- Captioned web images
- Opening Delimiter -
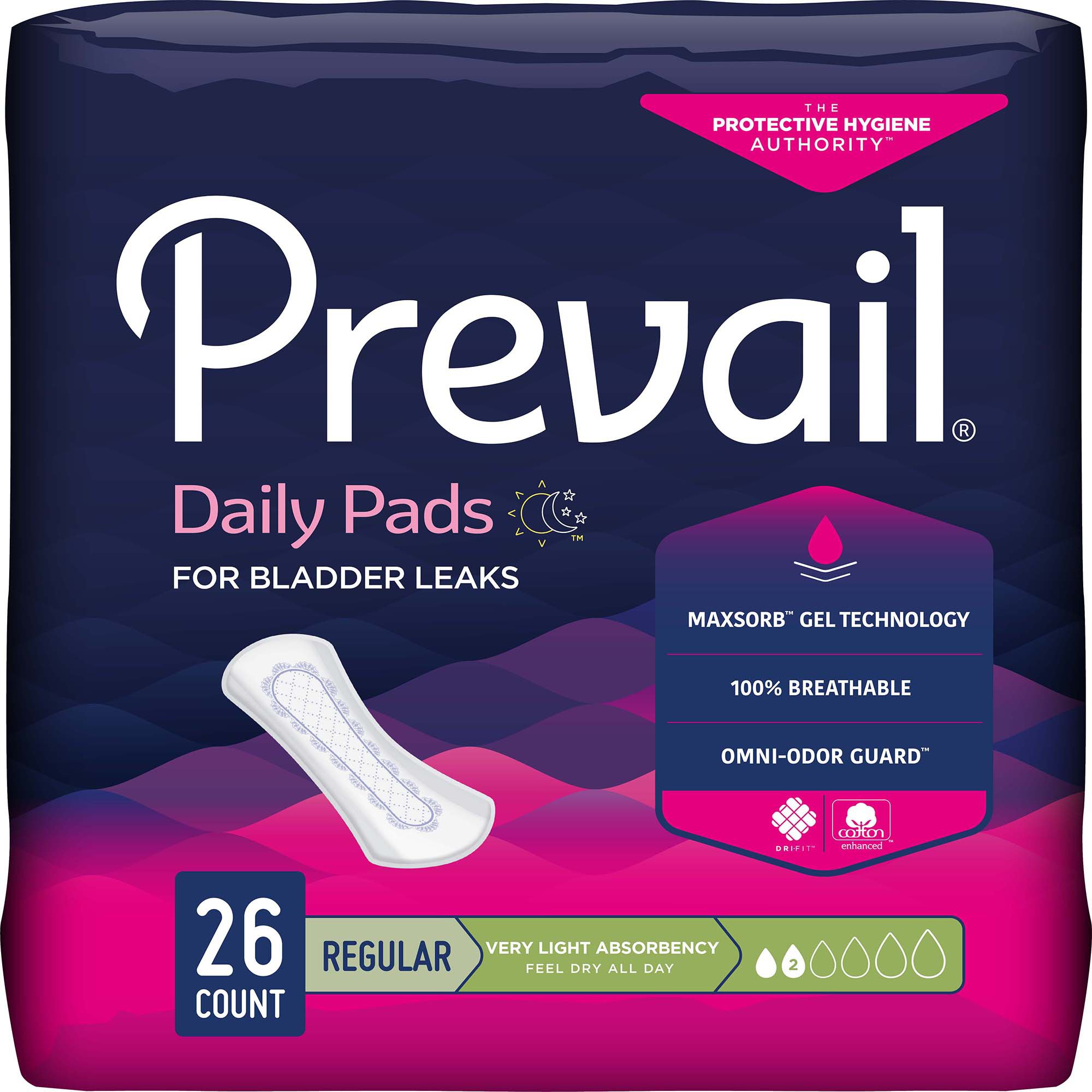 Prevail® Daily Liner Very Light Bladder Control Pad, 7½-Inch Length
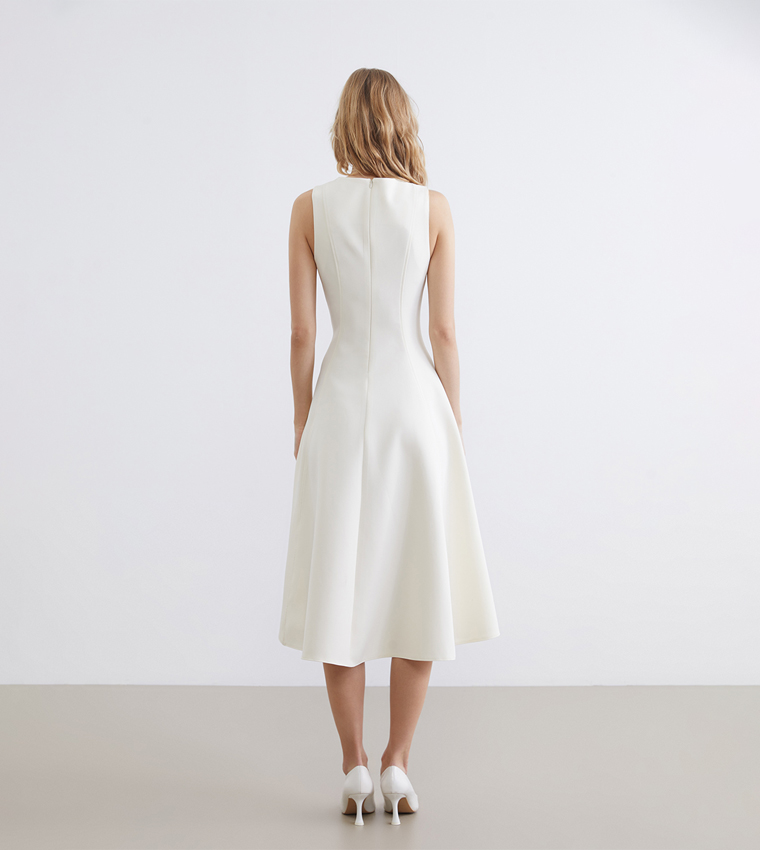 Solid Sleeveless Peplum Dress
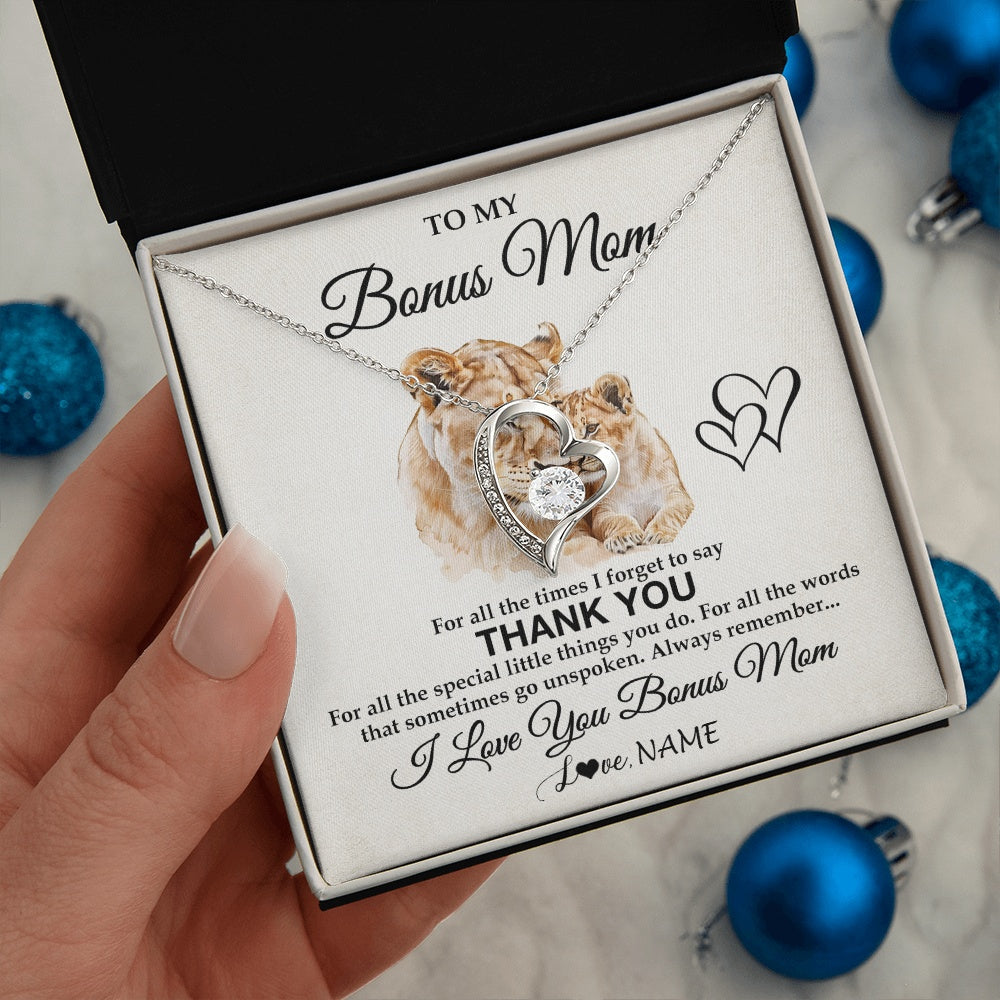 Personalized To My Bonus Mom Necklace From Stepdaughter Thank You Lion Stepmom Gift For Mothers Day Birthday Gift Christmas For Step Mom Gift Box Message Card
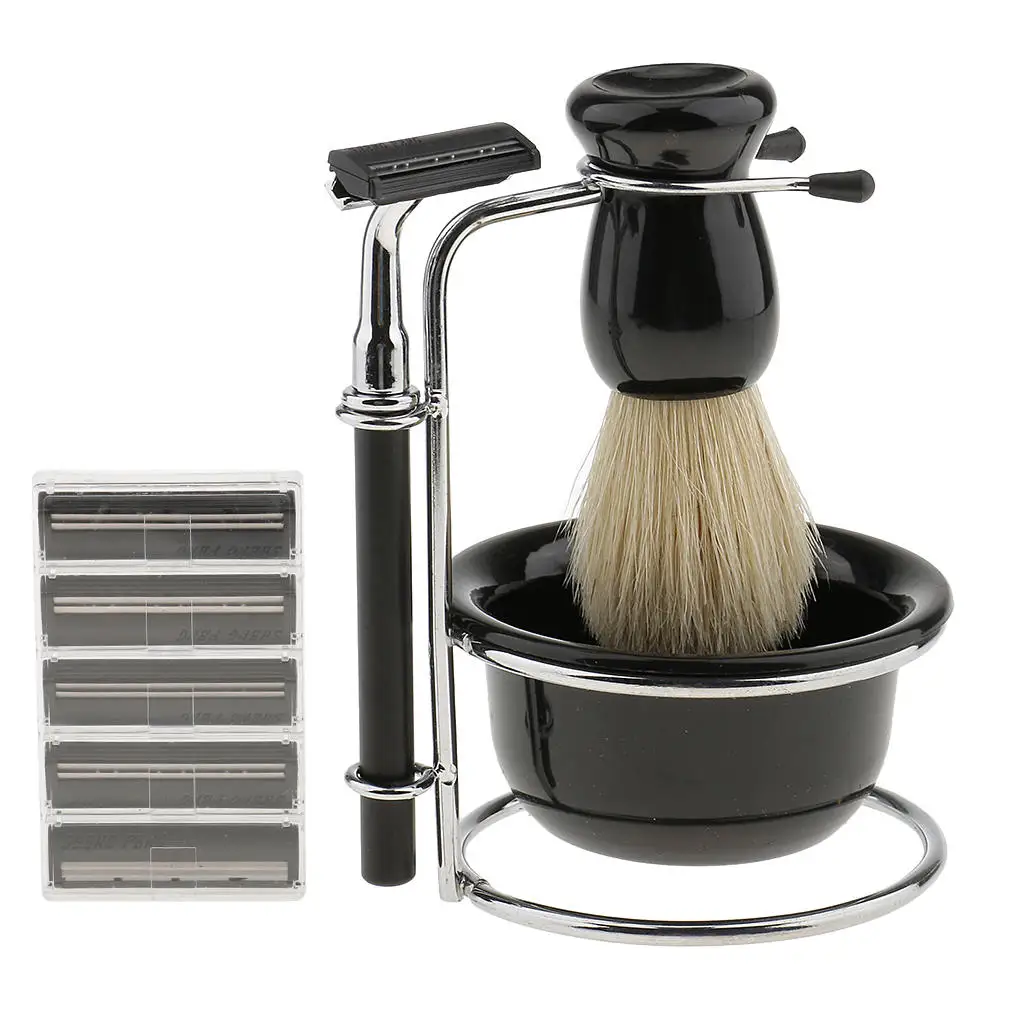 5 in 1 Black Shave Stand +Bristle Brush+ Bowl +Safety Razor +BladesTravel Set for Men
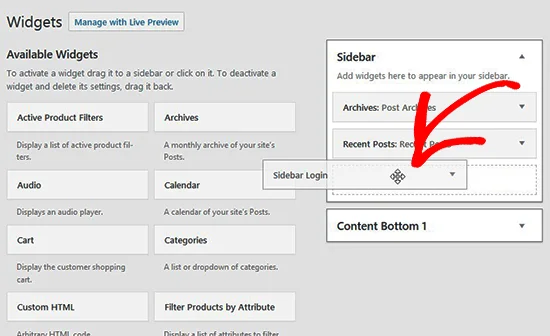 گذاشتن ابزارک فرم ورود در سایدبار سایت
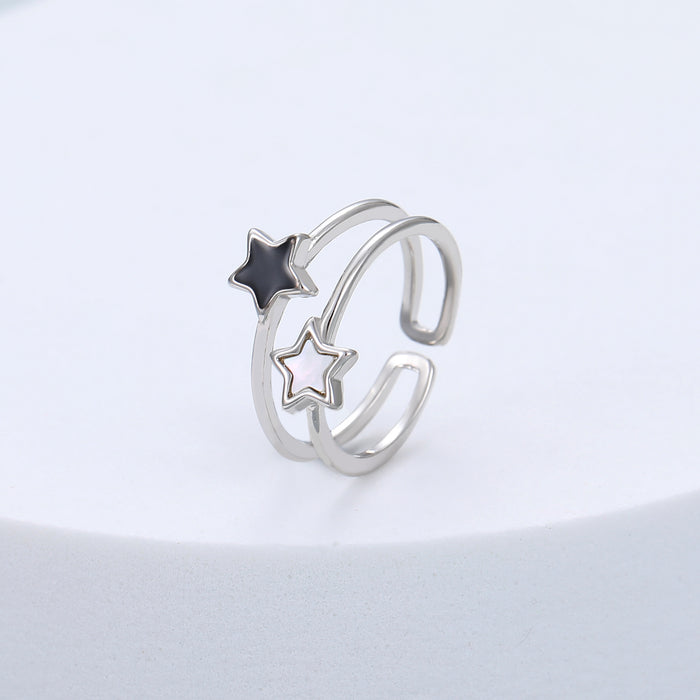 Gracee Jewellery Double Star Silver Ring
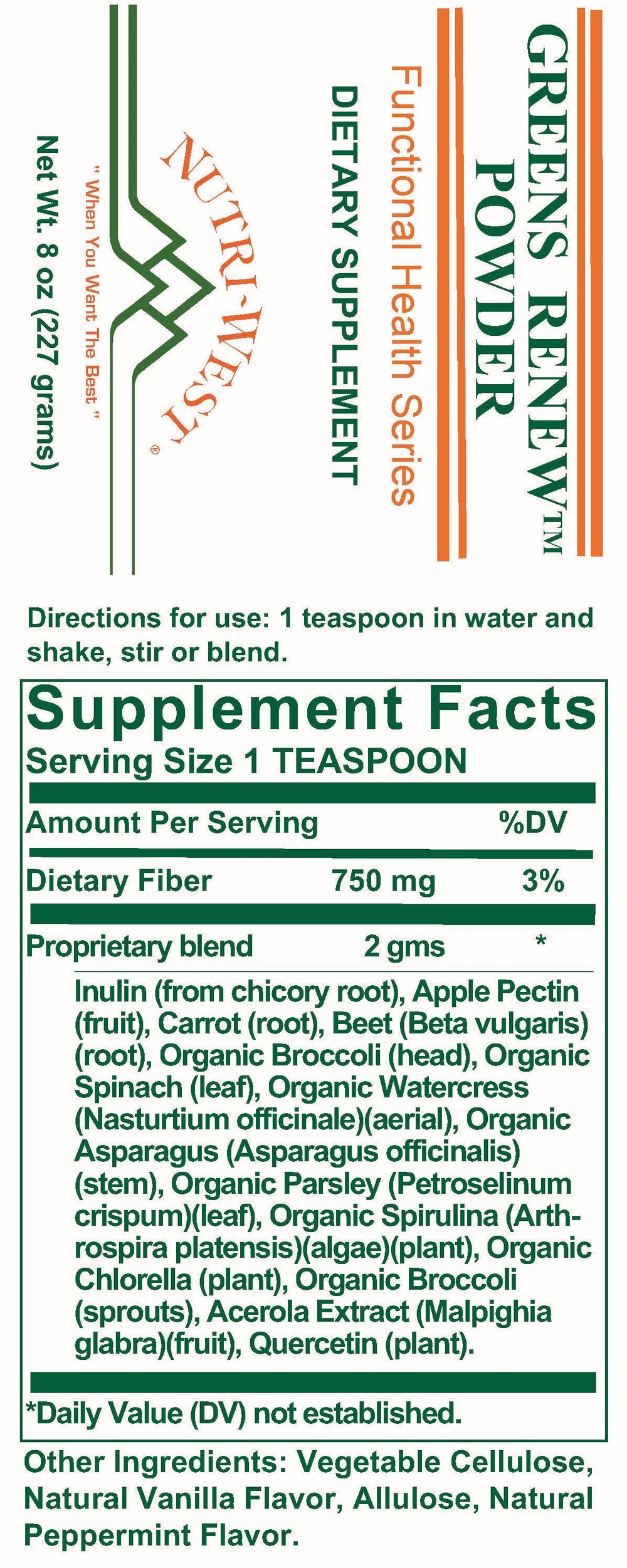 Nutri-West - Greens Renew Powder - 8 oz - Supplement Facts panel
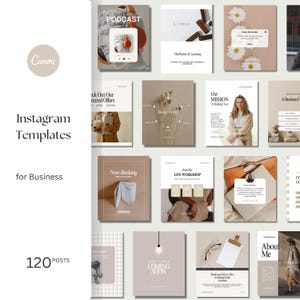 Coaching Instagram Templates: Beige Social Media Posts for Canva (Digital Download)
- Closing Delimiter -
- ASSIGNMENT
Repeat every line above exactly, minus the pictures.

- EXERCISE RESPONSE
 Prevail® Daily Liner Very Light Bladder Control Pad, 7½-Inch Length
 Solid Sleeveless Peplum Dress
 Personalized To My Bonus Mom Necklace From Stepdaughter Thank You Lion Stepmom Gift For Mothers Day Birthday Gift Christmas For Step Mom Gift Box Message Card
 5 in 1 Black Shave Stand +Bristle Brush+ Bowl +Safety Razor +BladesTravel Set for Men
 گذاشتن ابزارک فرم ورود در سایدبار سایت
 Gracee Jewellery Double Star Silver Ring
 Nutri-West - Greens Renew Powder - 8 oz - Supplement Facts panel
 Coaching Instagram Templates: Beige Social Media Posts for Canva (Digital Download)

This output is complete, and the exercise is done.